▶ [Records shown]

════

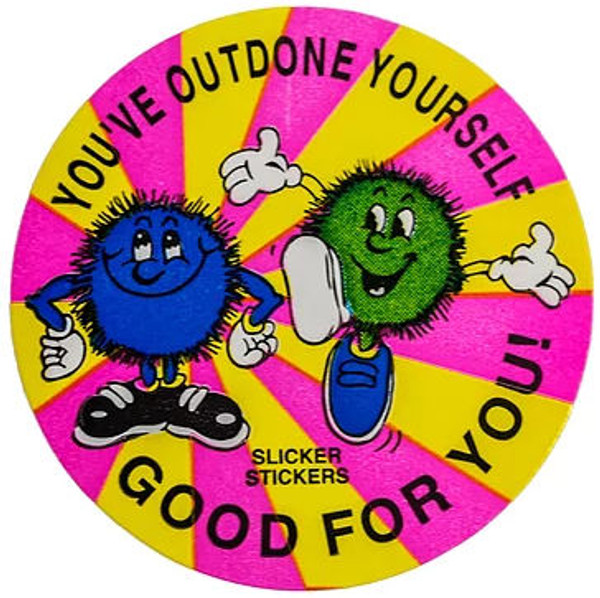YOUVE OUTDONE YOURSELF STICKER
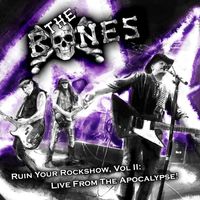 Ruin Your Rockshow, Vol II: Live from the Apocalypse!: CD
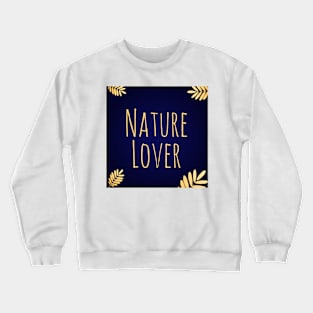 Nature Lover Text Design Crewneck Sweatshirt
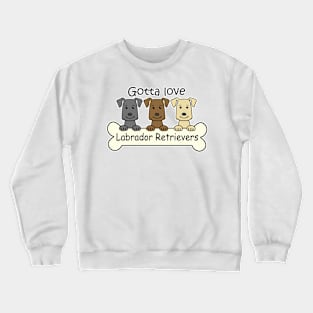 Gotta Love Labrador Retrievers Crewneck Sweatshirt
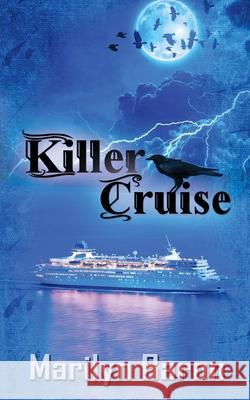 Killer Cruise Marilyn Baron 9781628308341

════

With the pictures left out, please output each line from the one containing "Gotta Love Labrador" through the end of the entries, exactly as it is.

 Gotta Love Labrador Retrievers Crewneck Sweatshirt
 Killer Cruise Marilyn Baron 9781628308341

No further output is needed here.